Pentaho Data Integration (PDI) How to use postgresql bulk loader? My transformation running forever

Question

I'm new to PDI, im using PDI 7, i have excel input with 6 rows and want to insert it into postgresDB. My transformation is : EXCEL INPUT --> Postgres Bulk Loader (2 steps only).

Condition 1 : When i Run the transformation the Postgres Bulk Load not stopping and not inserting anything into my postgresDB.

Condition 2 : So, I add "Insert/Update" step after Postgres Bulk Loader, and all data inserted to postgresDB which means success, but the bulk loader still running.

My transformation

From all sources i can get, they only need input and Bulk Loader step, and the after finished the transformation, the bulk loader is "finished" (mine's "running"). So, i wanna ask how to to this properly for Postgres? Do i skipped something important? Thanks.

score 1 · Answer 1 · answered Jan 24 '17 at 17:18

1

The PostgreSQL bulk loader used to be only experimental. Haven't tried it in some time. Are you sure you need it? If you're loading from Excel, it's unlikely you'll have enough rows to warrant use of a bulk loader.

Try just the regular Table Output step. If you're only inserting, you shouldn't need the Insert/Update step either.
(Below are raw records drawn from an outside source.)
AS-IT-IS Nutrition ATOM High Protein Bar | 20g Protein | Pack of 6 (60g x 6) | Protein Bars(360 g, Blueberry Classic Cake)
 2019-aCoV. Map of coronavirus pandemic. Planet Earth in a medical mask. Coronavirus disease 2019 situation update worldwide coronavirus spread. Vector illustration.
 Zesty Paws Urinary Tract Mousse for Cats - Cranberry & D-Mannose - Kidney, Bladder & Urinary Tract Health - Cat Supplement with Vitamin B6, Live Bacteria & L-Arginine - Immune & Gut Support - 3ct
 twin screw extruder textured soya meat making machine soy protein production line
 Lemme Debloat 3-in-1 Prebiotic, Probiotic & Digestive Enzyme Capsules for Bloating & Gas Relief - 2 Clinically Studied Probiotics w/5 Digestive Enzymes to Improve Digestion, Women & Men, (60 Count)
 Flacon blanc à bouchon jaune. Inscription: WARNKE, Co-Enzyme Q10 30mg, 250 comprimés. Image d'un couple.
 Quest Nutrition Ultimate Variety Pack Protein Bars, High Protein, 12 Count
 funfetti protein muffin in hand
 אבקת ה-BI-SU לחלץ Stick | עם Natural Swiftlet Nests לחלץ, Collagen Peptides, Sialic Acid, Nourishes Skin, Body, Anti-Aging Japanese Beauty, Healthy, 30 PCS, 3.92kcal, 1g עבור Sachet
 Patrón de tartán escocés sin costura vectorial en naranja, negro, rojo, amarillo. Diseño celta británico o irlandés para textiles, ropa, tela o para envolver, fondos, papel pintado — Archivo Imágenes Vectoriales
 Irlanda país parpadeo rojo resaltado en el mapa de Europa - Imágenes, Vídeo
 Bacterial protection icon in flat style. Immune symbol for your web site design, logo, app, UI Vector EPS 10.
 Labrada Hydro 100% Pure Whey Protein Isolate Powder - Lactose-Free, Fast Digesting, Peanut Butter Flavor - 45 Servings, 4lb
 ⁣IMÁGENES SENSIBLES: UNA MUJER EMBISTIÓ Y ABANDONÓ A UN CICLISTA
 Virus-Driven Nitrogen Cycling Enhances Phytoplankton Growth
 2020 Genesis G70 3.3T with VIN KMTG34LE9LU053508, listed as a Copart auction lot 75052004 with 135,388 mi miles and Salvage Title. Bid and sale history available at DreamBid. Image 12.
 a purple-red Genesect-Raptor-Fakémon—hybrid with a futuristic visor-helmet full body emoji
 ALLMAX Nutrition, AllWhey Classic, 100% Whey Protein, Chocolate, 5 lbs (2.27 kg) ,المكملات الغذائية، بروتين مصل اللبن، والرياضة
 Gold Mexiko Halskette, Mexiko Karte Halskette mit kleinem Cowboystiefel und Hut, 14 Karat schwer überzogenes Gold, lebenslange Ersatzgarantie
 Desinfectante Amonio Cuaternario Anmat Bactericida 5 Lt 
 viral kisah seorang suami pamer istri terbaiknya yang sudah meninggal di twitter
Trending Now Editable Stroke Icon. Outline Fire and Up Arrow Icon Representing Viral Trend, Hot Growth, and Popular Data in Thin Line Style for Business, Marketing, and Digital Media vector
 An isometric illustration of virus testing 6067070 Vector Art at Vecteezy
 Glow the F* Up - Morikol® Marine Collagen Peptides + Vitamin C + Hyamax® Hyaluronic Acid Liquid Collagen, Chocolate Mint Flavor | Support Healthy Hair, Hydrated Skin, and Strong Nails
answered Jan 24 '17 at 17:18

Brian.D.Myers

2,448
2
20
17

I dont exactly know if i need bulk loader or not, what i know is _insert/update_ took too long 150k rows=27-33mins, with _table output_ it took only 1 sec but it's only when i need to do insert only. For update delete it's not usefull. In near future, i might need to do update or delete too, so can you give me any solution? Thanks. – blackgee Jan 25 '17 at 07:17
For update/delete check out the `Merge Rows (diff)` step. Your `Insert/Update` step is probably slow because the underlying table is missing an index. – Brian.D.Myers Jan 25 '17 at 17:34
_Merge Rows (diff)_ combine with _Table Output_ seems ok. Still, i'm wondering how to make insert/update faster, i have already set an index by the way when the problem occurred. Thanks Brian. – blackgee Jan 26 '17 at 02:58
`Merge Rows (diff)` should not be combined with `Table Output`; it should be combined with `Synchronize after merge`. The goal is to load only the rows that have changed. Each row is marked with "new", "changed", "deleted" or "identical". If the number of identical rows is large and the others are small, it should be pretty fast. – Brian.D.Myers Jan 26 '17 at 19:40
True, _Merge Rows (diff), Sync after merge, sort, filter: dummy (false) table output (true)_ seems ok, it's definitely faster than _Merge Rows (diff), Sync after merge, sort, filter: dummy (false) insert/update (true)_. Thanks. – blackgee Jan 27 '17 at 02:00

score 1 · Answer 2 · answered Jan 25 '17 at 14:13

1

To insert just 7 rows you don't need bulk loader. Bulk loader designed to load huge amount of data. It uses native psql client. PSQL client transfers data much faster since it uses all features of binary protocol without any restriction of jdbc specification. JDBC is used in other steps like Table Output. Most of time Table Output is enough sufficient.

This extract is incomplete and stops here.